Che cosa perde la F1, che cosa perde lo sport, che cosa perdono i tifosi italiani, che cosa perdono i ferraristi? Nico Rosberg è la summa di quello che dovrebbe essere un pilota. Egoista e generoso. Schietto e misterioso, coraggioso e romantico. E poi è quasi uno di noi. «Io mi sento molto italiano», dice, «tutti i miei amici sono italiani» ripete, «voi non avete idea di quanto italiana sia stata la mia festa ad Abu Dhabi, erano venuti giù tutti i miei compagni di Milano e Monte Carlo e dei tempi del go kart... Gli avevo detto guai gente, non fatevi vedere, sono troppo preso e invece erano tutti al Gp per me».
Parole in italiano, ricordi in italiano, ma più di tutto fatti. Nico non si riempie la bocca con tanti bla bla. Mondiale vinto, giro del mondo per promuovere la Mercedes, voli su voli, l'annuncio del ritiro choc, poi aereo per Bologna, nebbia, dice al comandante del suo jet di cambiare scalo, punta su Firenze, auto, Appennino, veloce e di corsa come ad Abu Dhabi. Tutto pur di ritirare il premio, qui a Bologna, il Casco d'oro di campione del mondo della rivista Autosprint. «Proprio come papà, tanti anni fa». E un aneddoto rende a meraviglia che persona sia questo trentunenne figlio del mondo. Da una vita questo prestigioso premio veniva snobbato dai campioni del mondo dei team stranieri, l'ultimo a ritirarlo era stato Kimi Raikkonen, nel 2007, iridato sulla Ferrari. «Però io lo volevo questo premio, anche perché era da 34 anni che lo notavo sulla scrivania di mio papà Keke, per cui...»

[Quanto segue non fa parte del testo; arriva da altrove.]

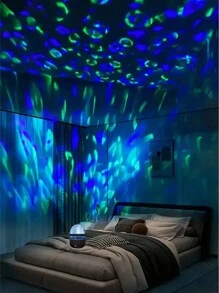 1 件 LED 水波涟漪效果投影仪灯，带多色图案和遥控器，卧室银河星空投影仪，水波投影仪，星空投影仪，家庭影院，天花板装饰，圣诞礼物，情人节礼物，露营，婚礼装饰，浪漫小夜灯 - 彩色 - 查看 8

La F1, lo sport, i tifosi italiani, la Ferrari, tutti perdono qualcosa con il suo addio delle corse. La Rossa in primis perché, statene certi, il Cavallino, con i suoi tempi, stava galoppando verso Rosberg. Tutti perdono. Vince solo lui. «Mi emoziona sapere che ci sono famiglie, padri, madri che in questi giorni mi hanno indicato ad esempio per la scelta fatta di lasciare dopo aver raggiunto il mio sogno», ammette quasi imbarazzato.
Nessun ripensamento, nessun rimpianto, solo serenità. «Adesso penso solo a partire per le vacanze, a ridare un marito a mia moglie e un padre a mia figlia. Per il resto mi tengo stretti i biglietti che ho in tasca, direzione Caraibi, e sapete una cosa? Non ho preso i voli di ritorno». Il sorriso lo abbandona solo quando gli tocca ricordare i momenti cruciali della gara di Abu Dhabi, il trenino, Hamilton a far da tappo. Dice: «Non avete idea del livello di tensione che c'era, è stato terribile, guidavo sapendo che al minimo errore sarebbe stato tutto perduto... poi mi sono ritrovato il caro Max (Verstappen) lì davanti, sempre imprevedibile, sempre difficile da superare, e via, ce l'ho fatta, però che rischi. E poi e ancora e soprattutto, proprio quando pensavo ok adesso mi metto qui tranquillo e faccio gli ultimi giri buonino buonino dietro Lewis, ecco che il mio caro compagno di team si mette a rallentare».
Torna a sorridere. «Ma ce l'ho fatta. Il sogno era lì, e l'ho afferrato. E sono fiero di me. Perché, credetemi, nel 2014 avevo perso il mondiale dopo essere stato in vetta a lungo, nel 2015 una stagione difficile, e riuscire a rimettersi in sesto dopo batoste del genere è davvero dura... Chi mi ha aiutato? Quest'anno mi sono affidato a un mental coach ed è stato fondamentale».
E adesso? «No, no, correre in altre categorie per ora no. Adesso sfogherò la mia voglia di adrenalina in famiglia, certo, troverò altre sfide, sto già pensando a molte cose. Ed è qui che spiazza di nuovo tutti e un po' li fa reinnamorare tutti. L'uomo che sogna dice col candore del vicino simpatico di casa: «ho aperto una gelateria a Ibiza....», ride... «però non è che mi metto lì a vendere gelati. Ma ce l'ho, è mia...
Quanto al toto sostituto in Mercedes (il boss Wolff ha ammesso che sta provando con Alonso, ndr), beh, mi piacerebbe fosse uno fortissimo, così da rendere dura la vita al mio amico Lewis» Amico? «Lo eravamo, lo torneremo. Non puoi essere amico quando lotti a trecento all'ora».